The Journey Prize Anthology, 4
Description
$16.99
ISBN 0-7710-4433-X
DDC C813'.0108054
Publisher
Year
Contributor
Don Precosky teaches English at the College of New Caledonia in Prince
George.
Review
This is a very good collection of stories, with not a weak one in the
bunch. Whoever chose them (no editor is cited in the text) has done an
excellent job. By the time you read this, one of the stories will have
won the $10,000 Journey Prize. I am glad I didn’t have to pick the
winner.
All of the stories are written in what one could call “readerly”

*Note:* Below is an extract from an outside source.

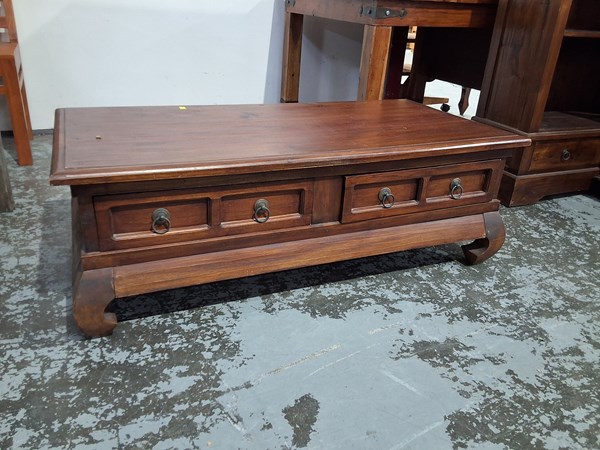 Lot 188 - COFFEE TABLE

prose. They are aimed at a wide audience: the common reader of the old
days. They tell a story and render emotion and action in a realistic and
vivid manner. There is not much in the way of experiment,
self-referentiality, discontinuity, or other tricks of the postmodern
trade as plied by our older prose writers. The authors in this
collection—they are, I believe, typical of most Canadian writers under
35—are bent on consolidation rather than advancement over new
experimental territory.
The stories are mostly about families and loss and pain. In “By the
Big River,” by Judith Cowan, an elderly woman learns to go on when her
husband dies; Diane Juttner Perrault’s “Bella’s Story” is about
a woman whose mad, drunken husband murders their son; and an abused
Native boy growing up in a family of alcoholics is the narrator of Eden
Robinson’s “Traplines.” I suspect there is some sociological
significance to all this attention to the family. It seems that we are
in a period of realization about how important families are, and about
how many of them are not working in the proper way.
That such an excellent collection can be made from the work of 12
relatively unknown writers is truly encouraging.